- _Information supplied_:
+-------+

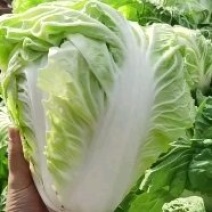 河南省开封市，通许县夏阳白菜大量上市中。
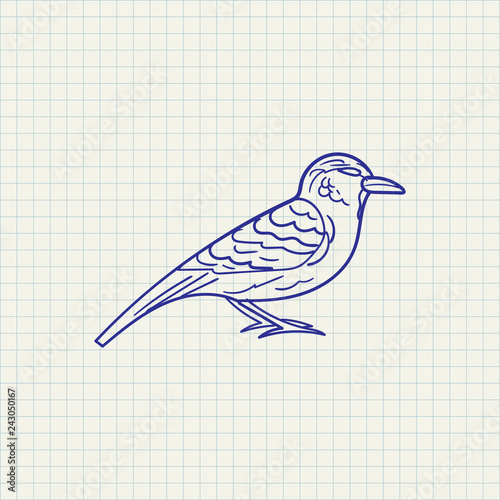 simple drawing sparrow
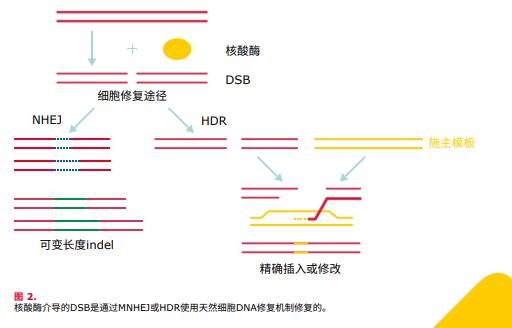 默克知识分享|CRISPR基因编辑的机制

+-------+

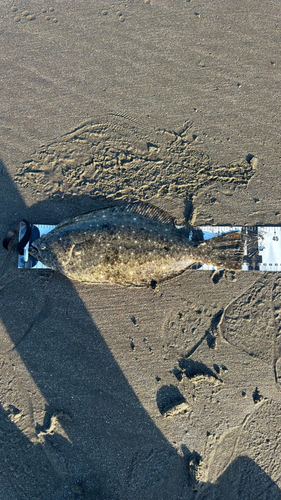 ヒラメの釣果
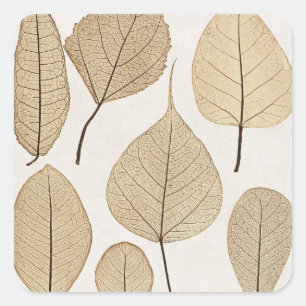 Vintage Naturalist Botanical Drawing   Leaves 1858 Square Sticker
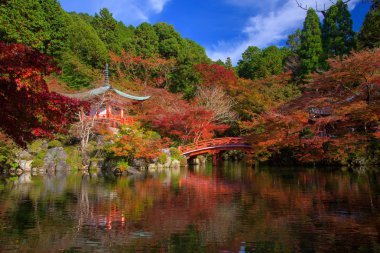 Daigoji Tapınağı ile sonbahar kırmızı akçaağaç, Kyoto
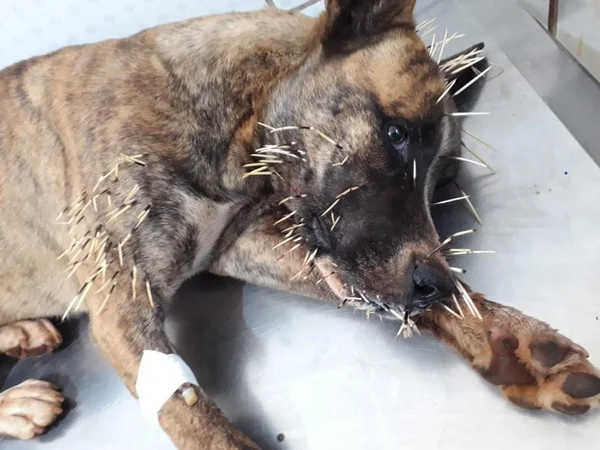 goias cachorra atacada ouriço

+-------+

- _What is required_:
In the records above, find the line with "河南省开封市，通许县夏阳白菜大量上市中。" and the line with "默克知识分享|CRISPR基因编辑的机制", then restate word for word only those two lines and all lines between, omitting pictures.

- _Answer for this exercise_:
 河南省开封市，通许县夏阳白菜大量上市中。
 simple drawing sparrow
 默克知识分享|CRISPR基因编辑的机制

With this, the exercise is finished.